ECLI:NL:RBDHA:2023:6396
Rechtbank Den Haag
- Eerste aanleg - enkelvoudig
- Rechtspraak.nl
Afwijzing opvolgende asielaanvraag van Pakistaanse vreemdeling wegens gebrek aan bewijs voor vervolging op basis van geloofsafval
In deze zaak heeft de Rechtbank Den Haag op 28 april 2023 uitspraak gedaan in een asielprocedure van een Pakistaanse vreemdeling, eiser, die zijn opvolgende asielaanvraag had ingediend. Eiser, geboren in 1988, had eerder asiel aangevraagd in Nederland, maar zijn aanvraag was afgewezen.

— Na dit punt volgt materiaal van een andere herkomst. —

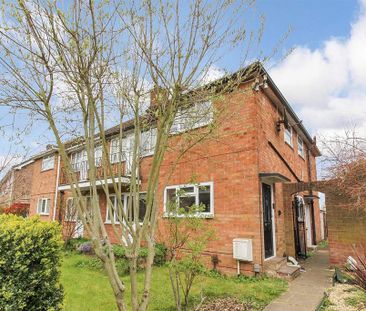 3 bedroom maisonette to rent - Photo 2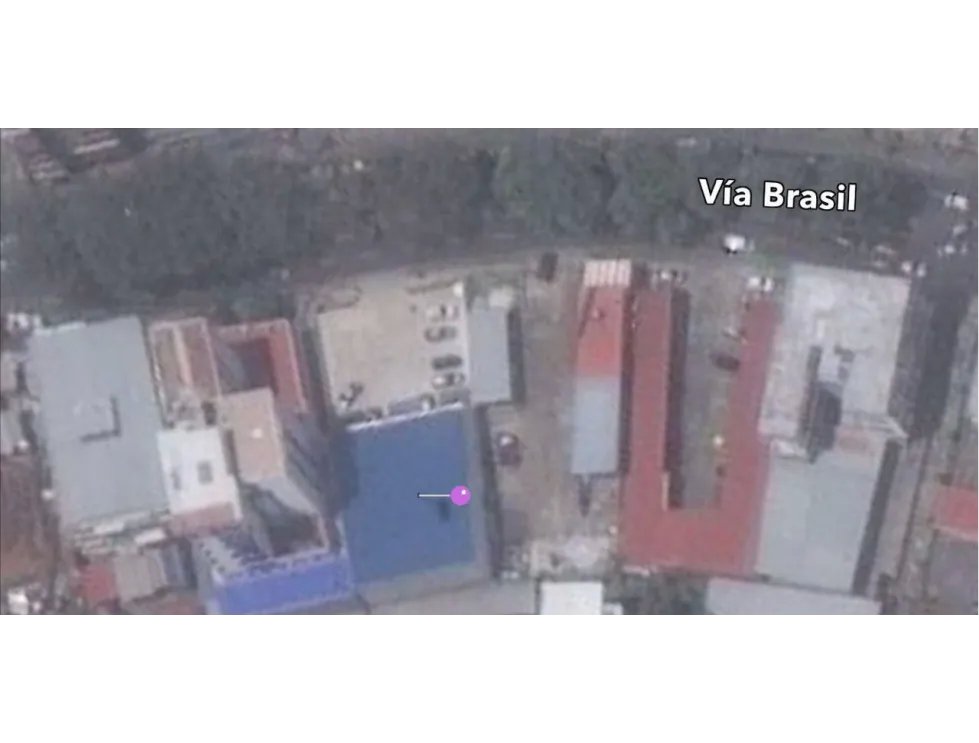 Sale of Land with Commercial Spaces in El Carmen 918m2 RM3-C2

In zijn huidige aanvraag stelde hij dat hij als afvallige van het Soennisme naar het Sjiisme in Pakistan te vrezen heeft voor vervolging. De rechtbank oordeelde dat de eerdere asielprocedure had vastgesteld dat de bekering van eiser geloofwaardig was, maar dat hij niet had aangetoond dat hij problemen had ondervonden in Pakistan vanwege deze bekering. De rechtbank concludeerde dat eiser niet tot de risicogroep van afvalligen behoort en dat hij niet aannemelijk had gemaakt dat hij als afvallige wordt gezien in Pakistan. De rechtbank volgde het standpunt van de staatssecretaris van Justitie en Veiligheid dat de aanvraag van eiser als kennelijk ongegrond moest worden afgewezen. Eiser had niet voldoende bewijs geleverd voor zijn stellingen over de risico's die hij zou lopen bij terugkeer naar Pakistan. De rechtbank verklaarde het beroep ongegrond en wees erop dat er geen aanleiding was voor een proceskostenveroordeling.